Second, the Centre should support the plan, currently before the Supreme Court, for the comprehensive rehabilitation of all those displaced by the violence in Dantewada. Third, the government should seriously consider a mutual ceasefire so as to push the Maoists towards dialogue. The cessation of hostilities, if extended, would allow the Dantewada rehabilitation plan to be implemented under the overall supervision of the apex court. Fourth, every manifestation of autocratic behaviour – the farcical public hearings on land acquisition for mining and power projects, the filing of criminal cases against poor adivasis for minor violations of the Forest Act, has to stop.

As for the Maoists, they need to realise this is not a war they can win. The Indian state’s capacity to absorb punishment is far greater than the Maoists’ ability to inflict violence. Whatever else its lacks, India certainly doesn’t need more soldiers, guns and IEDs. What it could use is a strong political movement to give voice to the aspirations of ordinary workers, peasants, tribals, women and other marginalised sections. Mao may have said power flows out of the barrel of the gun. But he also said to put politics in command. Alas, in Chhatisgarh today, there is no politics.

6 comments:

Unknown said...

Eloquently written.

A few comments, first on Maoists.

Their habit of not going into theoretical aspects but depending almost solely on physical action is a major problem. Within that framework the Maoists cannot see that every 'true' opposition is opposition to idea. They are miserably failing to be that 'true' opposition, when they share the same moral & ethical (and political too) universe of the entity they propose to oppose.
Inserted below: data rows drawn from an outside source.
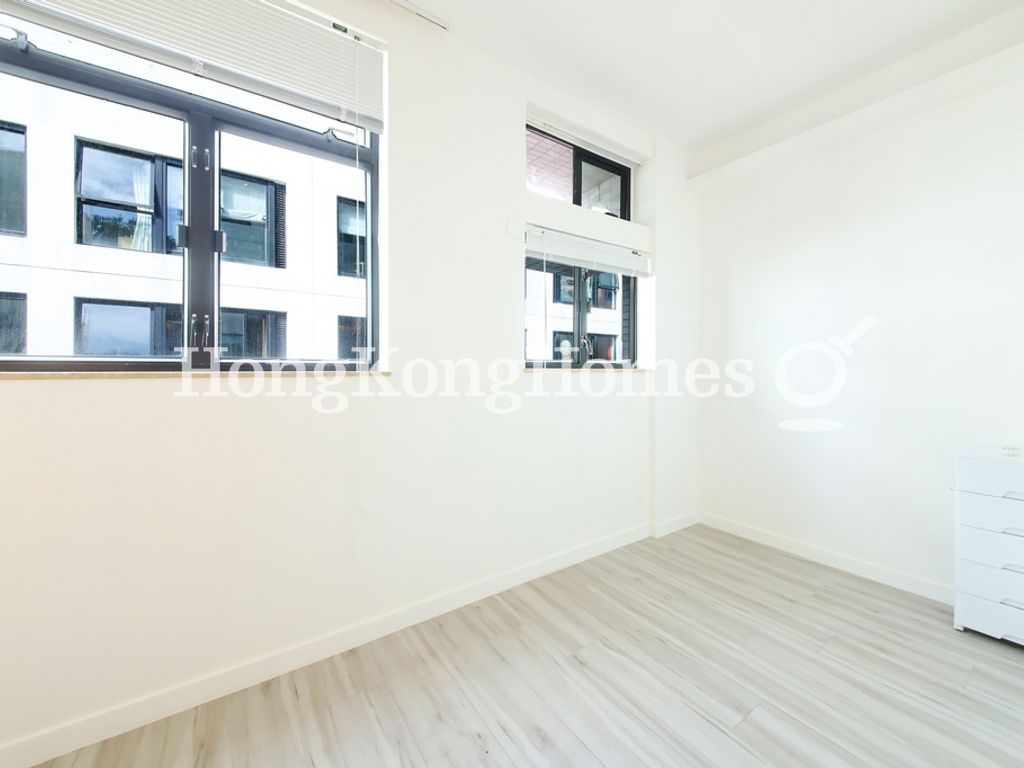 Second Bedroom — 美琳苑，薄扶林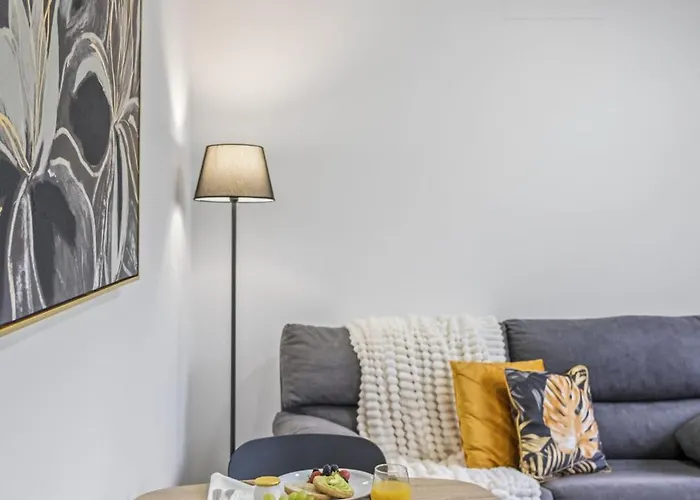 Colinas By Homie Appartement *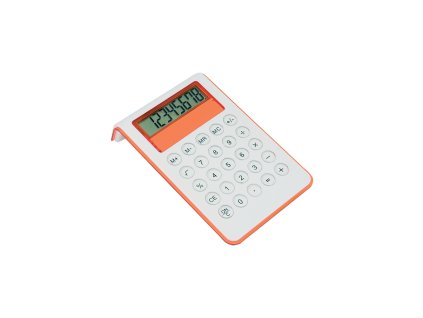 Myd, kalkulačka | oranžová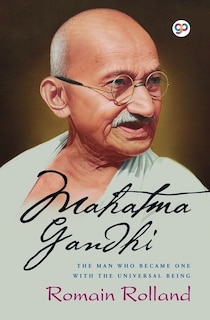 Front cover_Mahatma Gandhi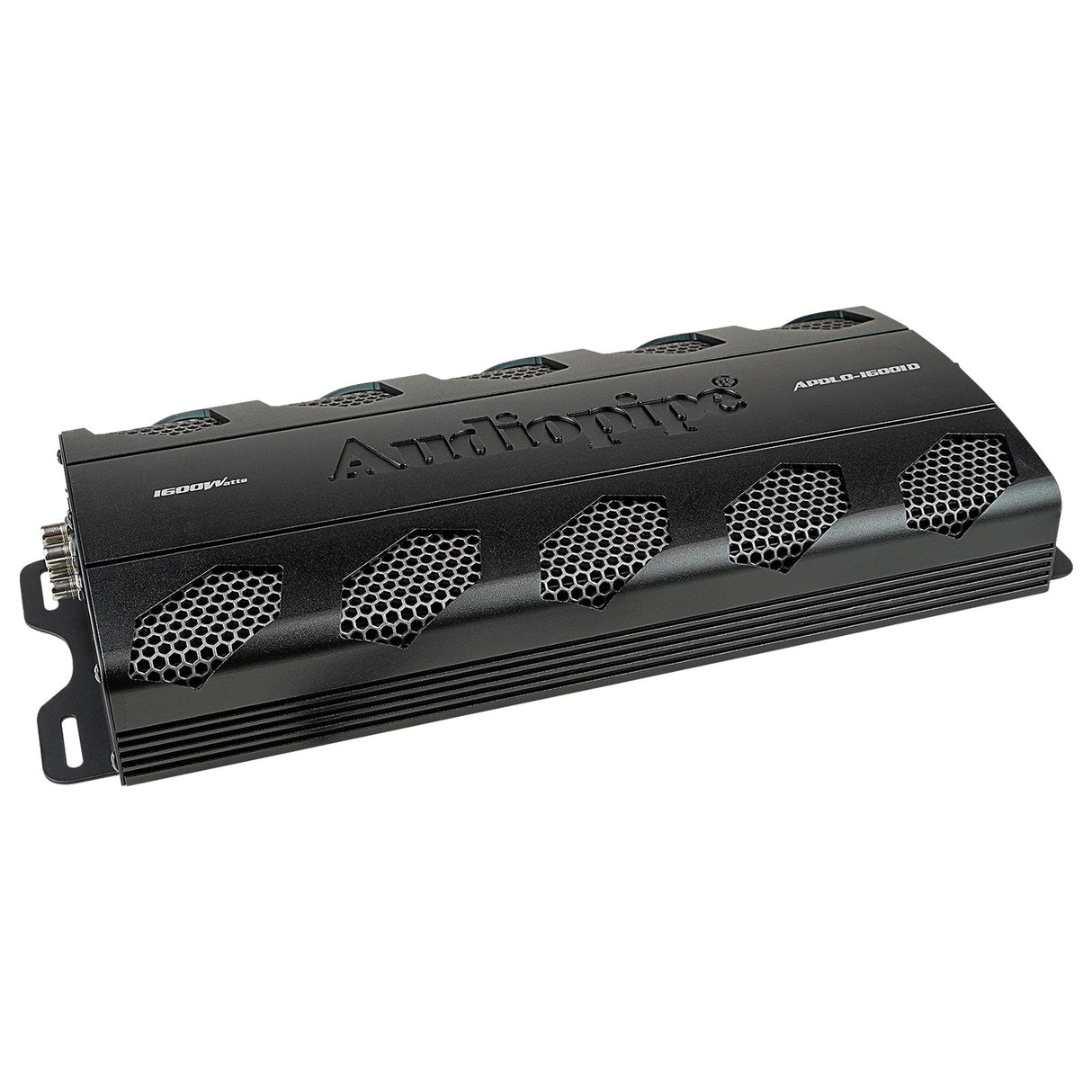 Class D Mono Mosfet Power Amplifier (APDLO-16001D) Audiopipe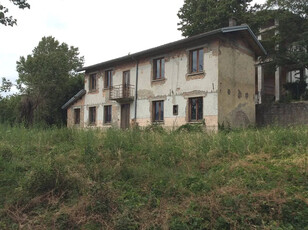 Rustico / casale al grezzo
Regarding the government's duty, it has to differentiate between the the agency, that is the Maoist Party, and the Tribals. As the author rightly said, non-combatants has to be protected, not targeted (as a part of 'democratisation'). But that requires political faith of the govt. on those people. This govt. which favours the mining and financial interests, has a direct clash of interest with the people residing in those areas. For that, the govt never believes that they enjoy the trust of those people, and hence no such political faith.

The solution lies with the presence of an external (external in terms of maoists or the govt)force, i.e the Left, which can force such 'democratisation' process. With a weak Left, such solution is hard to come.

Anonymous said...

How can the 'left' that worship the same set of mass murderers, despots and tyrants, draw their ideological inspiration from the same cess pool and are equally happy to engage in violence to enforce their writ and to grab power be the 'solution'.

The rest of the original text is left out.